“Tibet, The Sacred Realm: Photographs 1880–1950”

Rice Museum

This impressive photographic exhibition was directed by Michael E. Hoffman and coordinated by Martha Chahroudi for the Philadelphia Museum of Art, where it first opened. I saw it beautifully installed here; it will open at the Asia Society in New York on March 1. It is a major exhibition in several ways: as ethnological documentation of a high culture, with roots in antiquity, which, eerily, ended in our own time; as material providing insight into the history of religion, laying bare its processes of diffusion, selection, and recombination; as exquisite pure photography of landscape, portrait, and street.

The cultural situation that the exhibition both arises from and participates in is complex. In the early centuries A.D., Tibet was a primitive culture in the arc of nomadic herding cultures extending from Africa to Siberia, and had closest affinities with Central Asian groups. Yet, possibly under Han Chinese influence, it showed signs of becoming what might be termed a primitive high culture, more comparable to the Maya, for example, than to the Plains Indians of North America. Then, in the 7th century, Songtsan Gampo, an ambitious tribal chief, unified the various tribal units by conquest and established a single law for them all; seeking to replace tribal loyalties with national ones, he introduced a new religion to replace the various tribal forms of North and Central Asian shamanism then in place. Unlike the uncontrollably independent and pluralistic shamanic activity, the new religion would be one with the emerging state. Buddhist teachers were invited from India to Tibet, and a remarkable fusion of cultural elements took place. Lamaism, the new, Tibetan form of Buddhism, preserved but redefined the form and style of shamanism. The result—plainly seen in the photographs—is a semiotic marvel, like a griffin or a chimera but on the stage of history rather than imagination. A theocracy, like ancient Egypt or Sumer, Tibet under Lamaism developed a hieratic ceremonial aspect comparable to the pomp and splendor of Roman Catholicism or of the religion of Montezuma. In effect, three levels of cultural elements were fused into a living unity.

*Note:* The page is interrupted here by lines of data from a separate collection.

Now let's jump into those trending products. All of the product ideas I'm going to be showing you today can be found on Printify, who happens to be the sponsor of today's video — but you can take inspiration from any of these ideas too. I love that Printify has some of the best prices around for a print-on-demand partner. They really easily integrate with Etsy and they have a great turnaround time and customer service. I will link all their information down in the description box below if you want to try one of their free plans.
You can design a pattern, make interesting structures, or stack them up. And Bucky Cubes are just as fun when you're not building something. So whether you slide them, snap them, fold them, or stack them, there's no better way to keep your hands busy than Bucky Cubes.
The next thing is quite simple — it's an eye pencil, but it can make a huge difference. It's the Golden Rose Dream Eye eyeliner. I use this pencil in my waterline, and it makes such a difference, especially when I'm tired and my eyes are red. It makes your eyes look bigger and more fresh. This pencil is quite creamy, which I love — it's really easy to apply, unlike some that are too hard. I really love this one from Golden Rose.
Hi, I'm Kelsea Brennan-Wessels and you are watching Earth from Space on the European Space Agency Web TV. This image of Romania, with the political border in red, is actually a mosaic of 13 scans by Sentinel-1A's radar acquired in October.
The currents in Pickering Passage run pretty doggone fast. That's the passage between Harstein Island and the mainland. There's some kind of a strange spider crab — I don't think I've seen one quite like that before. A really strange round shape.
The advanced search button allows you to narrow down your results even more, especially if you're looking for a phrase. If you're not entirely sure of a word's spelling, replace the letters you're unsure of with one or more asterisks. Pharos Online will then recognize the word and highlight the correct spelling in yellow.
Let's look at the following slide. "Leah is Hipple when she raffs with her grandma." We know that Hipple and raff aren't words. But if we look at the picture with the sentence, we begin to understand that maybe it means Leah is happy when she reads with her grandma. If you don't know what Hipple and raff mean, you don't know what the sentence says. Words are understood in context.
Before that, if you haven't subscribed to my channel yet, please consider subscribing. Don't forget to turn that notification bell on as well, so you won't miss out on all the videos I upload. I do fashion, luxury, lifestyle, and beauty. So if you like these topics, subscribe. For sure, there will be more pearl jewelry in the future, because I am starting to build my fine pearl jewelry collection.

These photographs, collected from many institutional archives, represent a fourth level of cultural semiotics—etic, or extratribal, observation by diplomats, explorers, and scientists, mostly British, who imposed varying projections on the material. The famous Western Buddhist Alexandra David-Néel lived in Tibet from 1914 to 1924, mostly in Lamaist monasteries; inspired by religious practice, her photographs are usually hieratically frontal portraits which confer dignity and express reverence. Her Lama subjects are not seen as ordinary people but as instantiations of a timeless dharma. The explorer prince Henri d’Orléans, who passed through Tibet in 1890, left a very different view of his Tibetan subject matter; usually oblique, alive, nonfrontal, barely posed, his photographs express the movement and vulnerability of the moment. Leslie Weir, a lieutenant colonel in the British Indian Army, went to Lhasa on government business in 1930 and 1932. His revealingly critical portrait of the 13th Dalai Lama, his action study of the famous monks’ debates, his classical architectural studies of the Potala palace—these are among the sharpest and most penetrating works in the exhibition. John Claude White, a British engineer, spent 21 years in the Himalayas on various administrative assignments, and his landscape photographs preserve the uncanny vastness and otherness of Tibet’s snow-swept immensities. Sir George Taylor, a botanist, did research on Tibetan plant life in 1938; his landscapes, exquisite in the number and gradation of grays, present human activity in a setting of the natural sublime. A delicate hugeness flows silently through these spaces. The hieratic architecture of Tibet is sparingly but beautifully preserved in the exhibition; few buildings have been better served by photography than the Potala palace in the intense portraits by David-Néel, Weir, and White. Overall, the through-the-keyhole insights that these and other photographers provide into the religious, social, and personal life of pre-conquest Tibet are priceless.

In 1950 China annexed Tibet, and in 1959 most of the Lamas became refugees after fomenting an unsuccessful revolt. Of perhaps 200,000 Lamas in Tibet before 1950, about a thousand remain there. Some of the refugees, of course, have come our way, and this is the fifth level of the event: old Tibet coming to land in the New World. The purveyors of Tibetan dharma claim not to be surprised at this; an old Tibetan prophecy, they say, declares, “When the iron bird flies in the sky, the dharma will move to the West.” The dharma brings with it a myth of preconquest Tibet as a kind of golden-age society, and there is little critical photography in this show, little that seeks to get beneath the ceremonial facade and the landscape roundabout. The exhibition, and probably the photographers themselves, have contributed to maintaining an essentially mythic and pious view of Tibetan culture. Though social critics must be skeptical, wondering whose benefit such a myth serves, this exhibition will satisfy the believers.